**Work required:** Write the records below out again exactly as given, with no images.

(Recorded information)

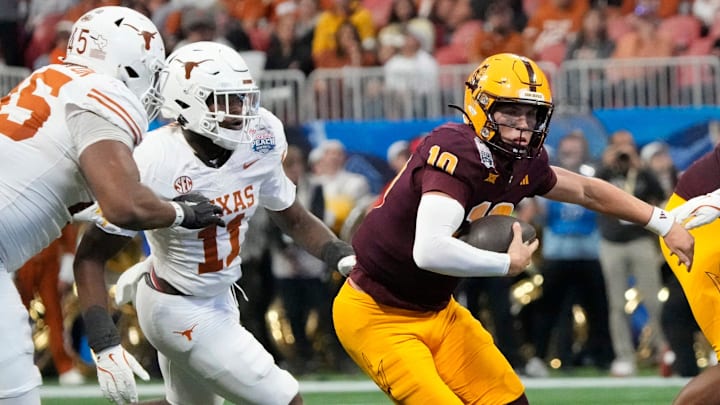 Arizona State quarterback Sam Leavitt (10) scrambles away from Texas linebacker Colin Simmons (11) during the second quarter of the Chick-fil-A Peach Bowl in Atlanta on Wednesday, Jan. 1, 2025.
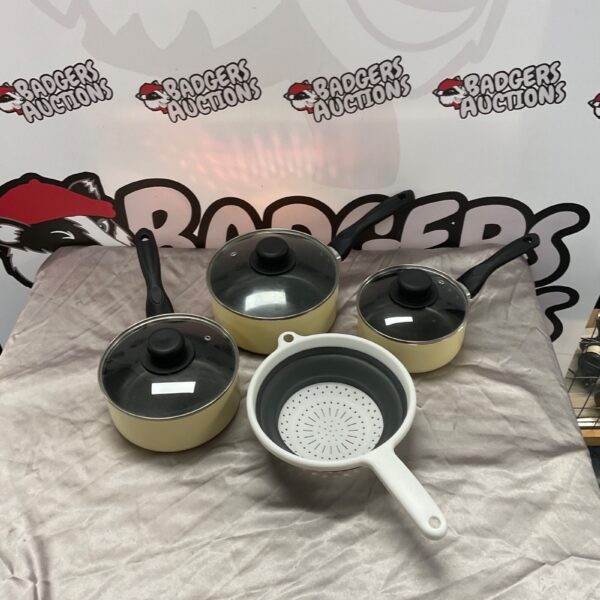 Stainless steel cooking pot set with white handles and lids.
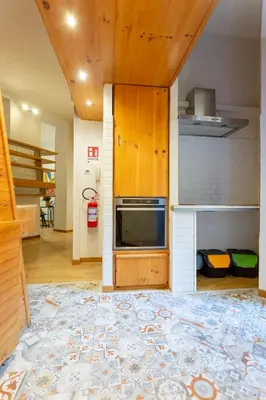 a kitchen with wooden cabinets and a stove at Oliviero - Colosseo Apartment with Terrace in Rome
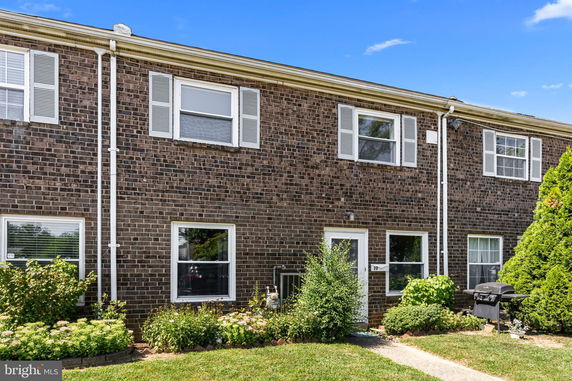 Front view of a two-story brick townhouse.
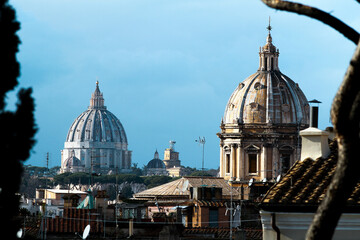 Fototapeta na wymiar Panorama of Rome, domes and roofs. On the left the dome of St. Peter's Basilica.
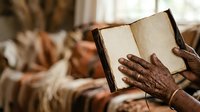 Hands of an older adult with dark skin tone holding an open book with blank pages, suitable for education, literacy, reading, and learning concepts.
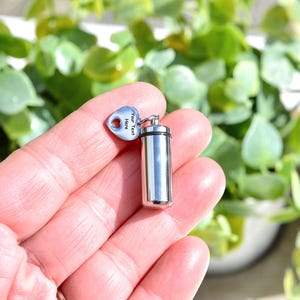 May include: A small, silver-colored cylindrical pendant with a heart-shaped tag. The tag has a small hole and the words "Your Text Here". The pendant is held in front of a background of green foliage.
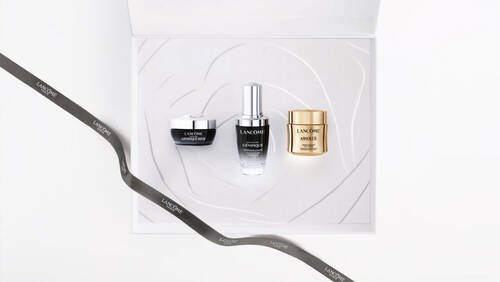 Boite blanche ouverte contenant trois produits de soin Lancome, sur un fond blanc, accompagnee d'un ruban portant la marque.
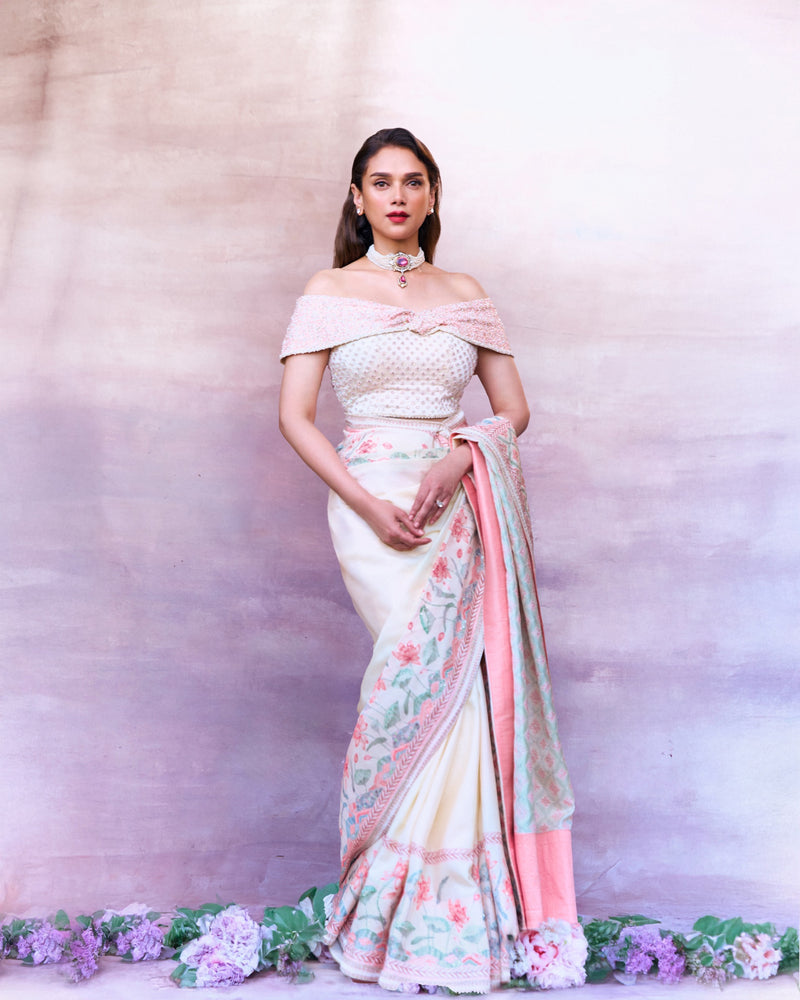 Aditi Rao Hydari in a pale saree with a pink and green patterned pallu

(End Recorded information)

**Output of the exercise:**
 Arizona State quarterback Sam Leavitt (10) scrambles away from Texas linebacker Colin Simmons (11) during the second quarter of the Chick-fil-A Peach Bowl in Atlanta on Wednesday, Jan. 1, 2025.
 Stainless steel cooking pot set with white handles and lids.
 a kitchen with wooden cabinets and a stove at Oliviero - Colosseo Apartment with Terrace in Rome
 Front view of a two-story brick townhouse.
 Fototapeta na wymiar Panorama of Rome, domes and roofs. On the left the dome of St. Peter's Basilica.
 Hands of an older adult with dark skin tone holding an open book with blank pages, suitable for education, literacy, reading, and learning concepts.
 May include: A small, silver-colored cylindrical pendant with a heart-shaped tag. The tag has a small hole and the words "Your Text Here". The pendant is held in front of a background of green foliage.
 Boite blanche ouverte contenant trois produits de soin Lancome, sur un fond blanc, accompagnee d'un ruban portant la marque.
 Aditi Rao Hydari in a pale saree with a pink and green patterned pallu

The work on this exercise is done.